===== ENTRIES SHOWN =====

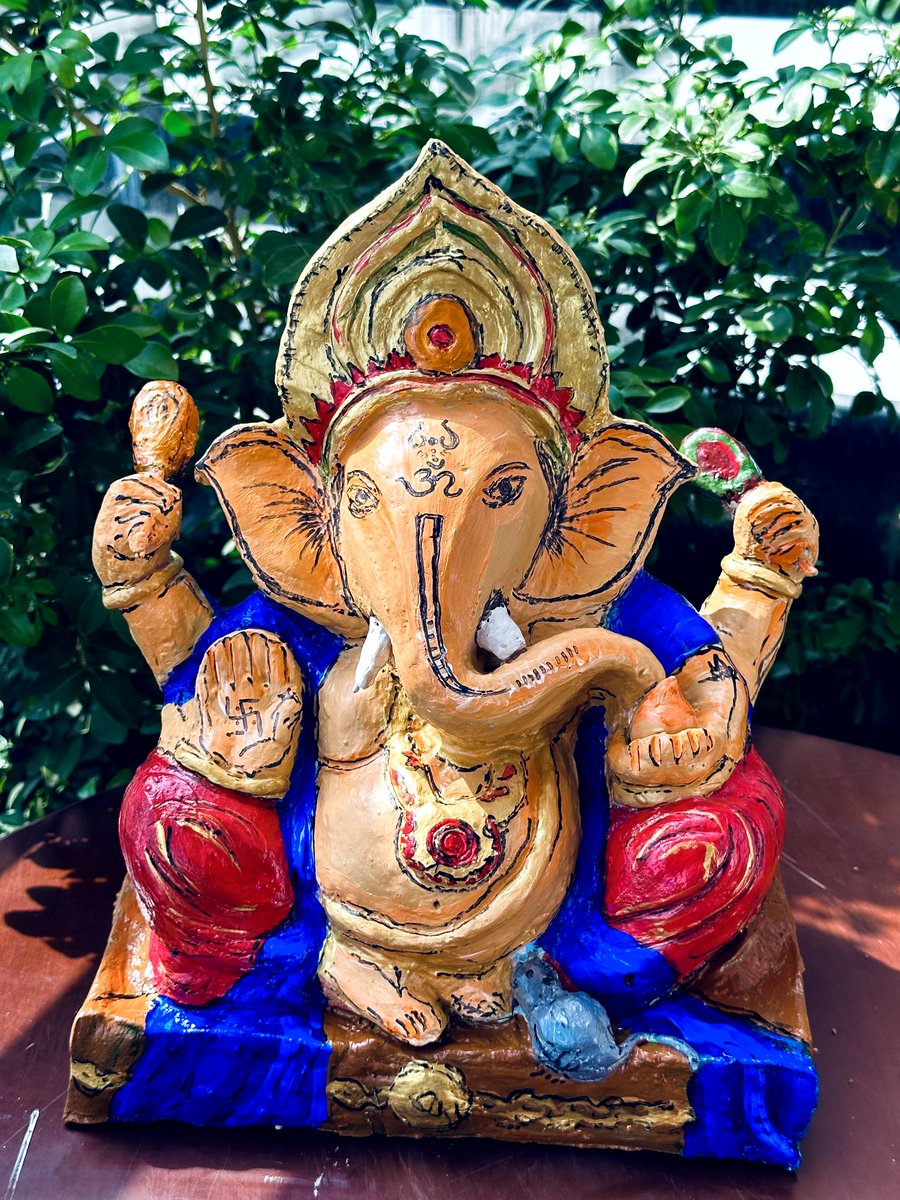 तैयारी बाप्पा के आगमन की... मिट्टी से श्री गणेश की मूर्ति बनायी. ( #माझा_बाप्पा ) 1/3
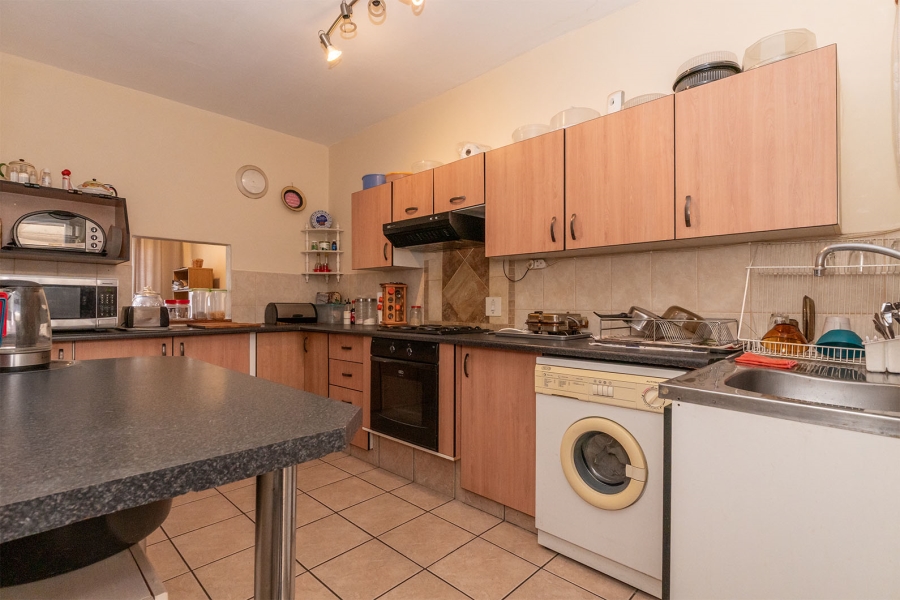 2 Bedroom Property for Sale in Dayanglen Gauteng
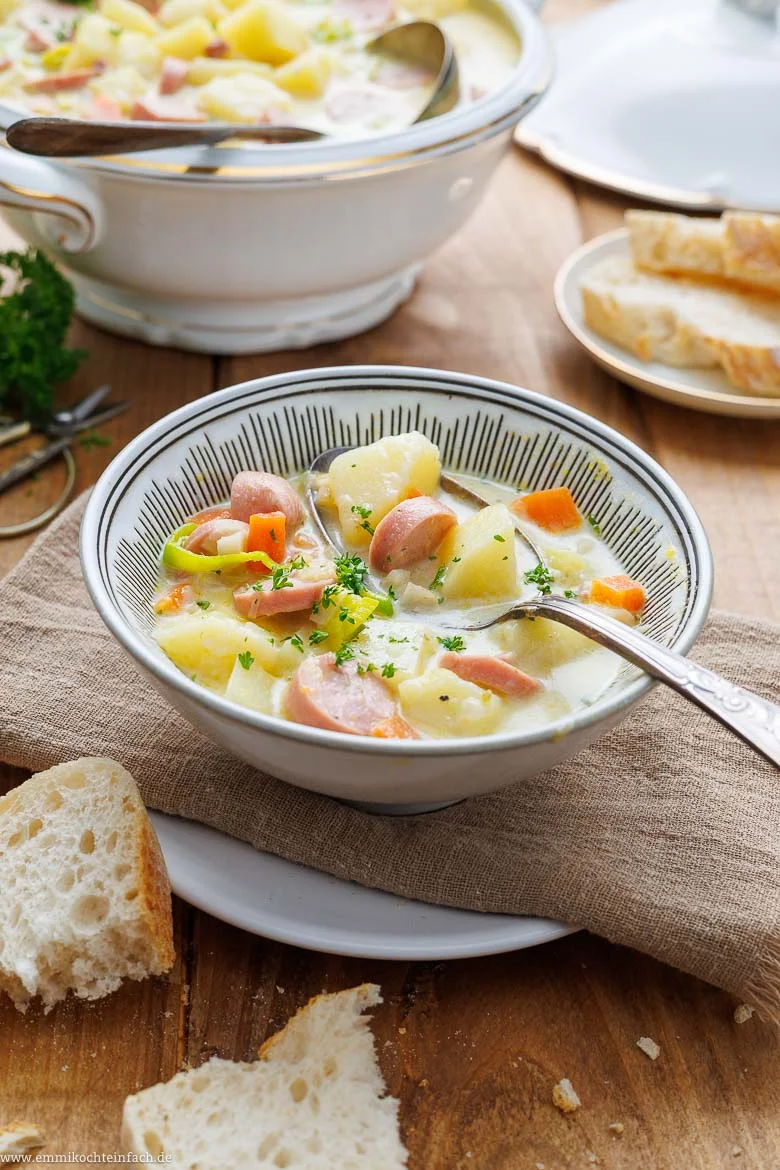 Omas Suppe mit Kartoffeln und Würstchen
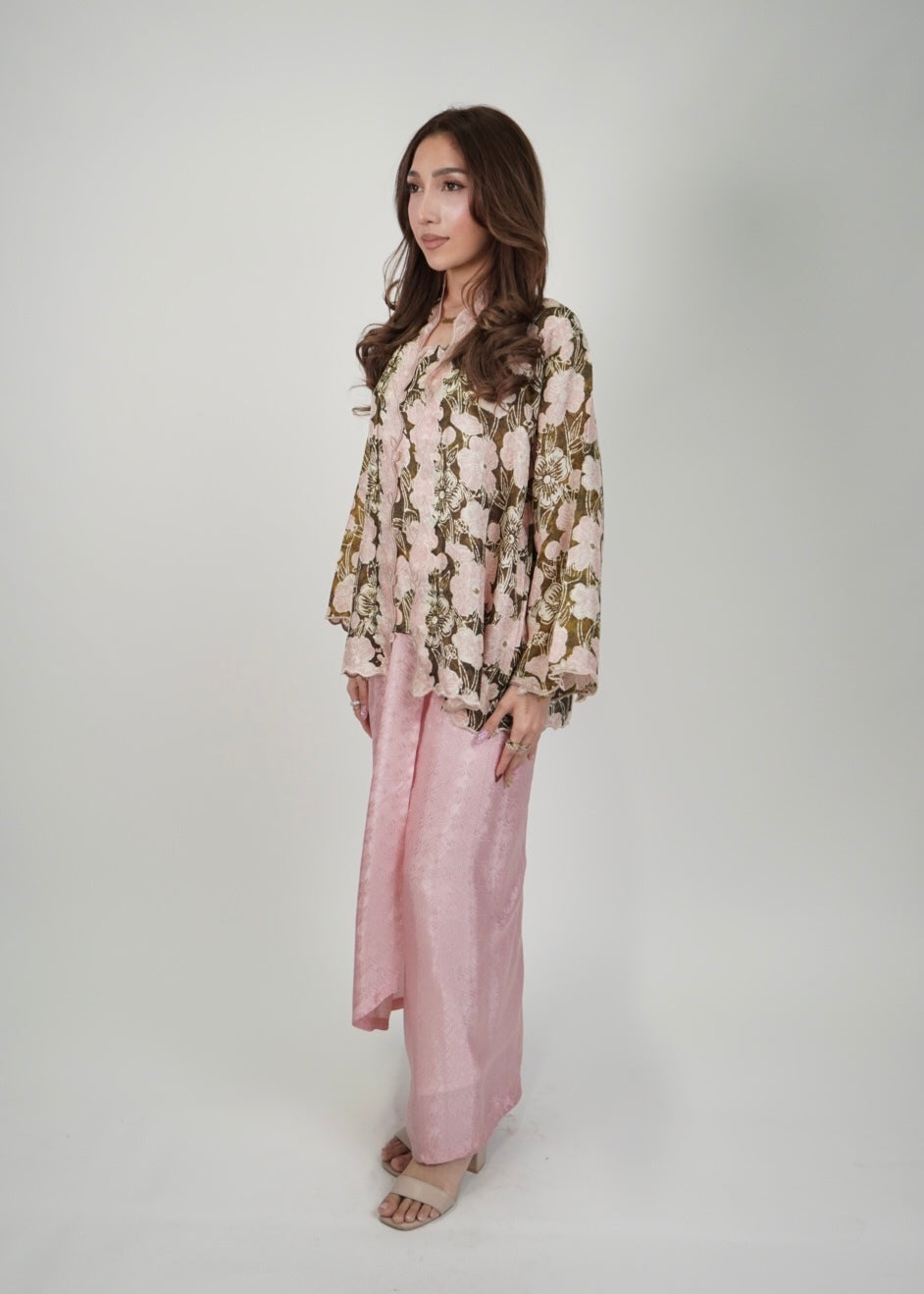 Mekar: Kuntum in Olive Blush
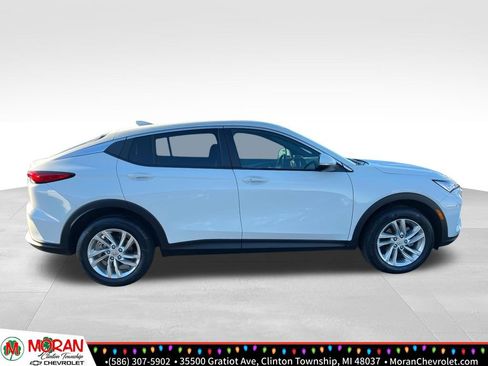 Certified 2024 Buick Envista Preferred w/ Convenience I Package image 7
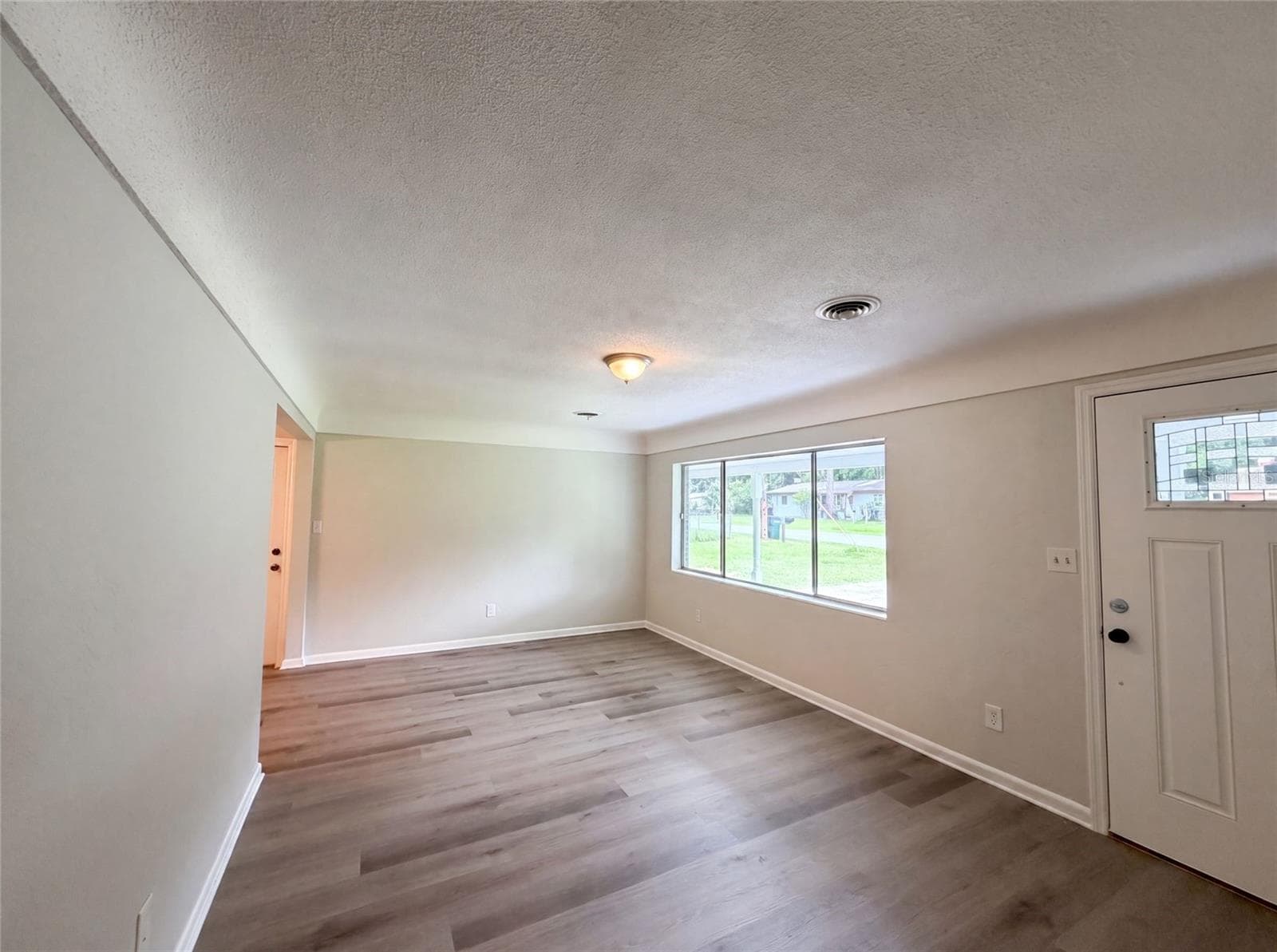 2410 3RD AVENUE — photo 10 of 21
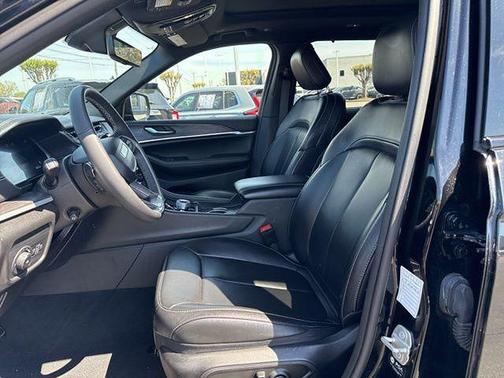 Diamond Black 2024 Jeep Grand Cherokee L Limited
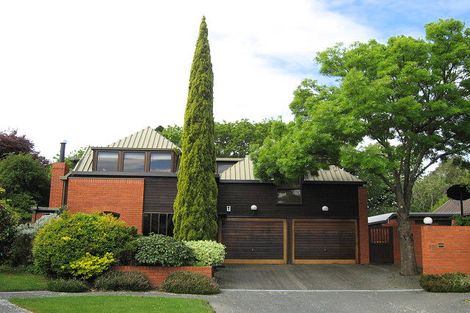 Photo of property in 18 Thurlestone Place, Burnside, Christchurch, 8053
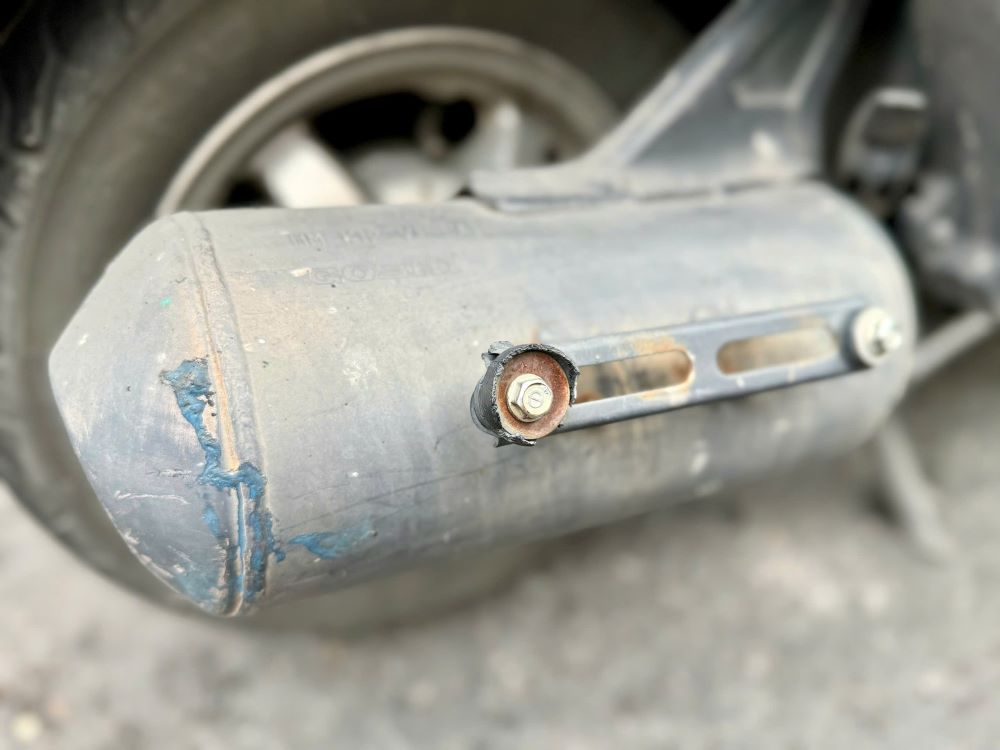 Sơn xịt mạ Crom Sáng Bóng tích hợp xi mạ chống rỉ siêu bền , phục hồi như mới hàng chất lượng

=====

EXERCISE PROMPT »
Output each entry exactly. Skip the pictures.

SOLUTION TO THE PROBLEM »
 तैयारी बाप्पा के आगमन की... मिट्टी से श्री गणेश की मूर्ति बनायी. ( #माझा_बाप्पा ) 1/3
 2 Bedroom Property for Sale in Dayanglen Gauteng
 Omas Suppe mit Kartoffeln und Würstchen
 Mekar: Kuntum in Olive Blush
 Certified 2024 Buick Envista Preferred w/ Convenience I Package image 7
 2410 3RD AVENUE — photo 10 of 21
 Diamond Black 2024 Jeep Grand Cherokee L Limited
 Photo of property in 18 Thurlestone Place, Burnside, Christchurch, 8053
 Sơn xịt mạ Crom Sáng Bóng tích hợp xi mạ chống rỉ siêu bền , phục hồi như mới hàng chất lượng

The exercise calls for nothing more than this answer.